Yanshuo Li, Norimitsu Koga, Chihiro Watanabe, Hiromi Miura

pp. 138-143

DOI:

10.2320/matertrans.MT-D2023012

Abstract

The dependence of mechanical twinning on the crystallographic orientation at the early stage of rolling was investigated. For this purpose, a copper-zinc alloy plate having a sharp {001} texture on the rolling plane (normal direction // 〈001〉) was prepared, and the twinning behaviors during rolling were studied in the grains with orientations of rolling direction (RD) parallel to 〈100〉, 〈210〉 and 〈110〉. The precise examination revealed that grains with RD // 〈110〉 orientation were most prone to twinning among the three crystallographic orientations. Effects of the development of heterogeneous-nano (HN) structure on the tensile properties were also systematically investigated.
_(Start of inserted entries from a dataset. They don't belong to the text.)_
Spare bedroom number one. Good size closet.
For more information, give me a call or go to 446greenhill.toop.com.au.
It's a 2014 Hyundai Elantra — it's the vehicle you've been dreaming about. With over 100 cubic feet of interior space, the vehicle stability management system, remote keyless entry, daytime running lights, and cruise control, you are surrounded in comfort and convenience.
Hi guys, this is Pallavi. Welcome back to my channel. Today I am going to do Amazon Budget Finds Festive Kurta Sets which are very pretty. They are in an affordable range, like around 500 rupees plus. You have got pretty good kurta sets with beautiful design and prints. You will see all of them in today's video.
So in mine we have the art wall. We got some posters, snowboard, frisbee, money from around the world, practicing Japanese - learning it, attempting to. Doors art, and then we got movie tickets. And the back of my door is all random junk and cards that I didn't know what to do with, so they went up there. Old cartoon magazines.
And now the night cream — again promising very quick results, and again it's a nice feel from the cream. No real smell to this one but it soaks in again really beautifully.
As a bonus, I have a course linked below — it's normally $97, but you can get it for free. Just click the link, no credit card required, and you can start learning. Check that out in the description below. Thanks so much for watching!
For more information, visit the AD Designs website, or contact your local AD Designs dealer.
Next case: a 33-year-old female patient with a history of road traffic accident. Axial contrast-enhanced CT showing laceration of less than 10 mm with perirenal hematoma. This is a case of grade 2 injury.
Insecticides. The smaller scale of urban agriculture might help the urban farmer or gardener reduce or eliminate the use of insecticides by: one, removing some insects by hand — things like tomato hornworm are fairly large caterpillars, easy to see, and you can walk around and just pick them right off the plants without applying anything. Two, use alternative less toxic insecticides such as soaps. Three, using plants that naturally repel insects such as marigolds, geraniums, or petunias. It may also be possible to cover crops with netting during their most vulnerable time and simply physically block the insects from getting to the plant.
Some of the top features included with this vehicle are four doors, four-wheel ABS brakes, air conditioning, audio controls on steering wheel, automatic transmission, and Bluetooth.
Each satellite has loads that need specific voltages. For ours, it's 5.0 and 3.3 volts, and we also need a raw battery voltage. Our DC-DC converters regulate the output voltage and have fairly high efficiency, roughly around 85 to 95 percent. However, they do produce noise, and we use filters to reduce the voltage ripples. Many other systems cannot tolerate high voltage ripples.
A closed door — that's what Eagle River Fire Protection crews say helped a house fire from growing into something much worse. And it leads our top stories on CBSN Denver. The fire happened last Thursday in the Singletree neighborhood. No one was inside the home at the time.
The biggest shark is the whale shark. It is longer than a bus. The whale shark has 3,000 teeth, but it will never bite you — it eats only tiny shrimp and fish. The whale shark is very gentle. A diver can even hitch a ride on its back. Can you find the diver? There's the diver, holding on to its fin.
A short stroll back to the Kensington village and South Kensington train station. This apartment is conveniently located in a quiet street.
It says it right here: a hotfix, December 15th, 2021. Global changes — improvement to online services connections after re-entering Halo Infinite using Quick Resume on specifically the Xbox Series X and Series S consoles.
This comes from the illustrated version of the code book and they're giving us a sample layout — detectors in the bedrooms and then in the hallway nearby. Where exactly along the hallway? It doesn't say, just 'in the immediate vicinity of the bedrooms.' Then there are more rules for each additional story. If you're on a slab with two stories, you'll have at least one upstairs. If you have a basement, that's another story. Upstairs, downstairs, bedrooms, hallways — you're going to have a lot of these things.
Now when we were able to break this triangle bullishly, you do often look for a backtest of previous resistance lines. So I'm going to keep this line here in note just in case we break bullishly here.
As the rolling reduction increased from 50% to 70%, the tensile strength increased significantly, and the elongation to failure also increased simultaneously. Considering the microstructural changes, the increase in the strength/ductility balance was attributed to the formation of the HN structure. Further rolling up to 90% resulted in a slight increase in strength and a significant decrease in ductility to about half of the value at 70%. It was suggested that the decrease in the volume fraction of twin domains in the HN structure, instead increase in the other texture components, during the rolling reduction from 70% to 90% complicatedly spoiled the strength/ductility balance.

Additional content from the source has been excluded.